• Source records
....
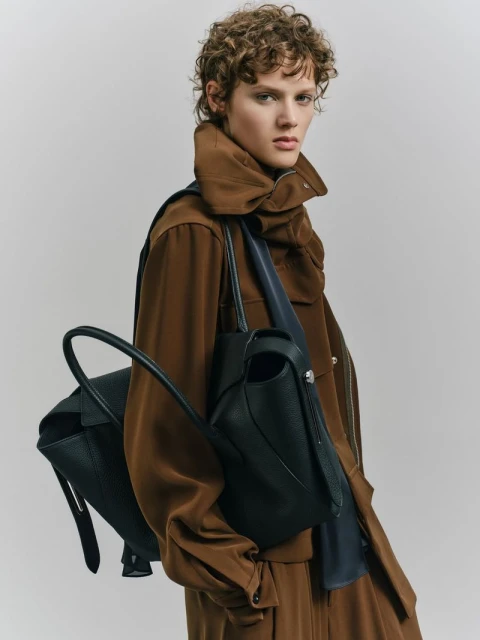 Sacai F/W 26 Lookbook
....
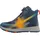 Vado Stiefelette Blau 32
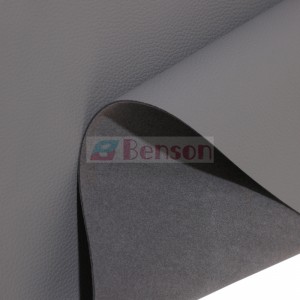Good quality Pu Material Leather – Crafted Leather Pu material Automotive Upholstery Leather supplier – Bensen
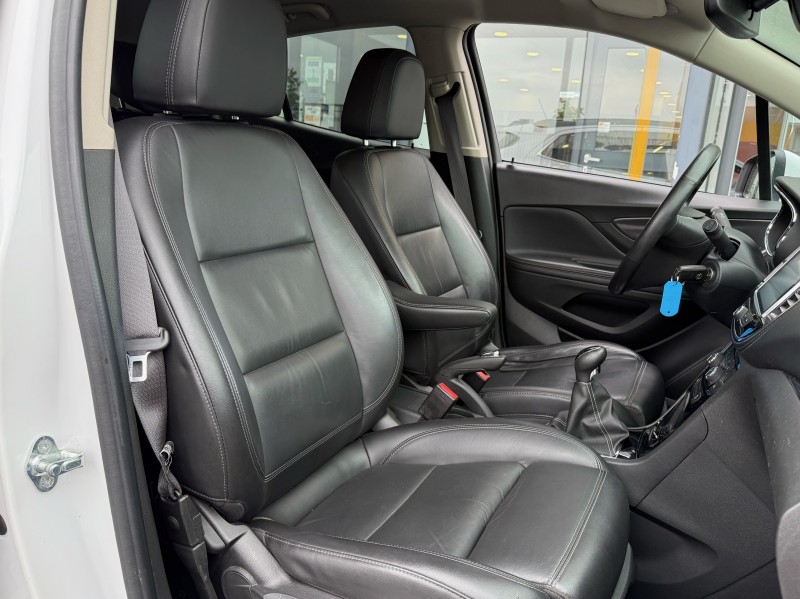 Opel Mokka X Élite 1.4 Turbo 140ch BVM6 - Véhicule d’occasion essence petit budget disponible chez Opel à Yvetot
....
From the records above, copy exactly the stretch from the line holding "Good quality Pu" through the line holding "Opel Mokka X", both ends included, without the pictures.

Good quality Pu Material Leather – Crafted Leather Pu material Automotive Upholstery Leather supplier – Bensen
 Opel Mokka X Élite 1.4 Turbo 140ch BVM6 - Véhicule d’occasion essence petit budget disponible chez Opel à Yvetot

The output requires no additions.